"Denizimizi, ekolojisini ve canlıları daha yakında tanıyacağız"

1330
Çanakkale Belediyesi, Çanakkale Onsekiz Mart Üniversitesi (ÇOMÜ) Deniz Bilimleri ve Teknolojisi Fakültesi ile Dardanel Önentaş A.Ş işbirliği ile hayata geçirilen Karina Deniz Kültürü Merkezi açılış törenine Çanakkale Belediye Başkanı Ülgür Gökhan, eşi Hale Gökhan, ÇOMÜ Rektörü Prof. Dr. Sedat Murat, Dardanel Yönetim Kurulu Başkanı Niyazi Önen, CHP İl Başkanı Metin Ümit Ural, CHP Merkez İlçe Başkanı Ali Uyanık, Belediye Başkan Yardımcıları, Belediye Meclis Üyeleri, ÇOMÜ Deniz Bilimleri ve Teknolojileri Fakültesi akademisyenleri ve çok sayıda davetli katıldı. Kültür merkezinde deniz kültürünün kentte daha fazla görünür kılınmasını, yanı sıra bölgedeki denizel ekolojinin tanıtılması ve yeni kuşakların deniz bilimi ve canlılarına ilgi sağlaması amaçlanıyor. Açılışta konuşan Dardanel Önentaş A.Ş Yönetim Kurulu Başkanı Niyazi Önen, deniz kültürünün ve denize dayalı sanayinin artmasının ülkemizin menfaatine olacağını belirtirken Rektör Murat ise; "Karina Deniz Kültürü Merkezi`nin Çanakkale`de etkili sonuçlar doğurmasını, deniz kültürünün, su ile temasın daha fazla sağlanmasına katkı vereceğini düşünüyorum" dedi.

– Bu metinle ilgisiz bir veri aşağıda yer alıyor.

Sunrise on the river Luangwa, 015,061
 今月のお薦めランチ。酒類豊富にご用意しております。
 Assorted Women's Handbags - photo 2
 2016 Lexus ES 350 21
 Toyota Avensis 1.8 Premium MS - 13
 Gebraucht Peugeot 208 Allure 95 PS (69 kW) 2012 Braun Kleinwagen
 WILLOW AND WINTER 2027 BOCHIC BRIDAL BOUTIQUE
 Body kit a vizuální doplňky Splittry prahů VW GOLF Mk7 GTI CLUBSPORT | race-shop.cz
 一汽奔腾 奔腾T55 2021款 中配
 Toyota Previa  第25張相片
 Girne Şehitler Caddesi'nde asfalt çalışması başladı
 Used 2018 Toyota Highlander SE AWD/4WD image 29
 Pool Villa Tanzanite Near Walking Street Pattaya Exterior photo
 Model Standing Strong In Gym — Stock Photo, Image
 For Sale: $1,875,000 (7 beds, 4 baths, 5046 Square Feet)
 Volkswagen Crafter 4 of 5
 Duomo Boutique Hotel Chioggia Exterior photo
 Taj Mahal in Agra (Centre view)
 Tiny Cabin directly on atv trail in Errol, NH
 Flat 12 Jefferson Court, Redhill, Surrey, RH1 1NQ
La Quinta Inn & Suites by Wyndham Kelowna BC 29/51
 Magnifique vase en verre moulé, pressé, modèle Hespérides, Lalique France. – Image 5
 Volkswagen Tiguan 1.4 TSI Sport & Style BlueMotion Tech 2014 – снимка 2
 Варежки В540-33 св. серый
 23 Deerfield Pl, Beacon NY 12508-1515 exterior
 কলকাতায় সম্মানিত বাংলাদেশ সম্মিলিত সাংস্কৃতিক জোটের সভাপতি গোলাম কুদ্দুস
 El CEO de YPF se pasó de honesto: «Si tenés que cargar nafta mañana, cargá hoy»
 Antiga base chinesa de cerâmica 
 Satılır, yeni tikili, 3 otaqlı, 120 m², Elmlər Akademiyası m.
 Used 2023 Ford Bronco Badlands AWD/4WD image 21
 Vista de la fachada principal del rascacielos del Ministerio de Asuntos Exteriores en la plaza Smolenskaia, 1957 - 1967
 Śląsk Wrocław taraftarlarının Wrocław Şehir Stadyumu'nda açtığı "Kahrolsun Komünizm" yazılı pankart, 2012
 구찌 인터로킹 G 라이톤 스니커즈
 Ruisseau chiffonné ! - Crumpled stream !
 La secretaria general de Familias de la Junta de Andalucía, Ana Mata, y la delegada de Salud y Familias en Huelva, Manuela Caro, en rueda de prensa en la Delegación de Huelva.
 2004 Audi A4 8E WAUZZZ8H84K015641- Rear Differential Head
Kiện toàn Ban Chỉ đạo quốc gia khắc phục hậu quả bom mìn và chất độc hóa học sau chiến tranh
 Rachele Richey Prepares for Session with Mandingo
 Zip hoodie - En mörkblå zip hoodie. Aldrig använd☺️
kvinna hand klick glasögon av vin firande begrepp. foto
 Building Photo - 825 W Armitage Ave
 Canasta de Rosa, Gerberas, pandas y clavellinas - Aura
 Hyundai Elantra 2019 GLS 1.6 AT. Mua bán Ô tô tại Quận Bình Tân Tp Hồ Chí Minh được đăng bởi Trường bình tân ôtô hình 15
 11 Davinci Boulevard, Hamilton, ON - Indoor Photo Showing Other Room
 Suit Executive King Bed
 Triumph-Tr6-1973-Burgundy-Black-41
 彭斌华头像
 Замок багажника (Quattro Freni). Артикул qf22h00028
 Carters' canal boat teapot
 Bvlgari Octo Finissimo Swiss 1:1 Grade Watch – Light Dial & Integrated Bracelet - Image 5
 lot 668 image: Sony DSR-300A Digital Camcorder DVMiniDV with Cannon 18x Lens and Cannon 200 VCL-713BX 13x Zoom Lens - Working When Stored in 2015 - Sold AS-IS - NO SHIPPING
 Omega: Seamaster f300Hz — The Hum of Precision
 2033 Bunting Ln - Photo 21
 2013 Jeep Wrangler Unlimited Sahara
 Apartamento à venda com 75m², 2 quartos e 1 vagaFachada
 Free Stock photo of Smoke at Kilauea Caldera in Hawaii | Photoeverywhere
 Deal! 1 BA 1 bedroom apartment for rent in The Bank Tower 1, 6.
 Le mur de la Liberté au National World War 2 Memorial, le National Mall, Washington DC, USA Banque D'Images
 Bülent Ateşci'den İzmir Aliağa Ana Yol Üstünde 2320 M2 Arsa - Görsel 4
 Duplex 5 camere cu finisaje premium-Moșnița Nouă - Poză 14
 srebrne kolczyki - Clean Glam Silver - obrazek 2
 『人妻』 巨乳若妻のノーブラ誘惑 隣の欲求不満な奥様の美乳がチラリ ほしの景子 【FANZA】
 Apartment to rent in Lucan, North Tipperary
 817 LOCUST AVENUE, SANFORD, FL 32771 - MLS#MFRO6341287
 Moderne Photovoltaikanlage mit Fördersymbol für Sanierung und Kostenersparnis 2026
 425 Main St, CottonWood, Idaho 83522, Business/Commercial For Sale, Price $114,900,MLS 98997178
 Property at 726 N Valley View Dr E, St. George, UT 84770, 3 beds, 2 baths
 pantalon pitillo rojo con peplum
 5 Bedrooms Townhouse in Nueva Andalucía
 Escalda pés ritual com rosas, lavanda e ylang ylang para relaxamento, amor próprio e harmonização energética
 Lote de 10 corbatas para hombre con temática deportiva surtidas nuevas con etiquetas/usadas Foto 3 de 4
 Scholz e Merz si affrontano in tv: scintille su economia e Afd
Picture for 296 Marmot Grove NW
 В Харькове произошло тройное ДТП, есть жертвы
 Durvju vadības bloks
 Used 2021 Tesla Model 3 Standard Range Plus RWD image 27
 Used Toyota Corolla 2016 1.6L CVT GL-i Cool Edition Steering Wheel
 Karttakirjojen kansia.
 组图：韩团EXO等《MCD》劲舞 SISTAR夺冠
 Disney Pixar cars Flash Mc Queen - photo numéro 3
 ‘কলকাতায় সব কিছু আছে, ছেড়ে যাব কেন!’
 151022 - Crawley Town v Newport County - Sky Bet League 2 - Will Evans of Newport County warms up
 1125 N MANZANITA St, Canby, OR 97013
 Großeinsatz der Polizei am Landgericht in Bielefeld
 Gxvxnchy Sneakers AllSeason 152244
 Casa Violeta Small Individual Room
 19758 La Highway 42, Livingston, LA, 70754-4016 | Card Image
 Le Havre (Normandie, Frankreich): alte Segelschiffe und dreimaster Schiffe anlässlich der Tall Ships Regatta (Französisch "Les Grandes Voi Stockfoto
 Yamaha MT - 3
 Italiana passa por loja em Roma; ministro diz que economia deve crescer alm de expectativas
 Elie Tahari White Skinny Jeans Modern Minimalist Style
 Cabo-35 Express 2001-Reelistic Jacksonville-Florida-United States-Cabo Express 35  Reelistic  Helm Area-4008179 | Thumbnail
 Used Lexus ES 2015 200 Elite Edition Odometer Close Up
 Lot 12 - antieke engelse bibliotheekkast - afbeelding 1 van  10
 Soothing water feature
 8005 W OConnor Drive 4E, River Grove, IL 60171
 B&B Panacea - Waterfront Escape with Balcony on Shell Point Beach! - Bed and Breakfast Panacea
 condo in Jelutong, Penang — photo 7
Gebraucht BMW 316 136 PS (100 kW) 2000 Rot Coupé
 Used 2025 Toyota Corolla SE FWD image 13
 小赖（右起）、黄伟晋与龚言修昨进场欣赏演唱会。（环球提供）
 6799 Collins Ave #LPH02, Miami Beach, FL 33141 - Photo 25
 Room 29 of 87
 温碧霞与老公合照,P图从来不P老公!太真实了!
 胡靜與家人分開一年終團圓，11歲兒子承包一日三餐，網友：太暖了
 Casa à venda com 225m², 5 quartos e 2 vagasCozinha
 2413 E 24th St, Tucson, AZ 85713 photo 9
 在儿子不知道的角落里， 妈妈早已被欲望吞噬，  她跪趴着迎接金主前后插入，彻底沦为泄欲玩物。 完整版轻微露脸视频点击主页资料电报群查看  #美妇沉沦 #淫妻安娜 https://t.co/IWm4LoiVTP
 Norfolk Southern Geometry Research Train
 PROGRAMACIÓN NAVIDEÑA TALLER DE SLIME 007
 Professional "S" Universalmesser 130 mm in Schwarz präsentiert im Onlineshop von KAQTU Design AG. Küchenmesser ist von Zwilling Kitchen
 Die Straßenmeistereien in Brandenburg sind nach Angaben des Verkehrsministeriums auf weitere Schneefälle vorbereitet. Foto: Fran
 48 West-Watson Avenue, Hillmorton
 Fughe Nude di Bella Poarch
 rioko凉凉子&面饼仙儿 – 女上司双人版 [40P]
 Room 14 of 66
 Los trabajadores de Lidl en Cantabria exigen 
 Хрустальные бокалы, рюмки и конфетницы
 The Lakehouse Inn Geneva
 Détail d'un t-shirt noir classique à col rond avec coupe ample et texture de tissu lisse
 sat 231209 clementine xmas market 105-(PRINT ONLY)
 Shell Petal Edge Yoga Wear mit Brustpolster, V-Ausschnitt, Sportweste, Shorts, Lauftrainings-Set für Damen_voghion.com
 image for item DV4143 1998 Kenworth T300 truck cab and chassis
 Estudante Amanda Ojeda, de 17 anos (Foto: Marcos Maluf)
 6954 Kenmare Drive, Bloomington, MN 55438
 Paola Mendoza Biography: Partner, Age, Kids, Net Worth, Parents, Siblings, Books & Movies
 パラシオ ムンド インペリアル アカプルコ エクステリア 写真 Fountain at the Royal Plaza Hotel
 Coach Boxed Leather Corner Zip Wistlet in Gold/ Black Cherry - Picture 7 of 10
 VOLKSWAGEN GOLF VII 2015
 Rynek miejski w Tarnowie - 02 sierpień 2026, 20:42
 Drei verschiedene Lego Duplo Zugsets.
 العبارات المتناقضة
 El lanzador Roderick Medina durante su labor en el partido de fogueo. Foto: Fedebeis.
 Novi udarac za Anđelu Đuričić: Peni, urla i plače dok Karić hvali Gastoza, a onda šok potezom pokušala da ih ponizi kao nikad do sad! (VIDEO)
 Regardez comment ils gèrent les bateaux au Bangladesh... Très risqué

Başkan Gökhan ise konuşmasında; Çanakkale suyun ve rüzgarın kenti. Çanakkale aynı zamanda Muğla`dan sonra Türkiye`nin 2`inci kıyıya en uzun sahili olan şehir. 2 tane adamız ve 2 tane denizimiz var. Saroz Körfezimiz var ve çift taraflı akıntısı olan bir boğaza sahibiz. Burayı yapmakta ki amacımız; Çanakkale`deki deniz ekolojisini tanıtmak, su altı ve rüzgar sporlarını görünür kılmak" dedi.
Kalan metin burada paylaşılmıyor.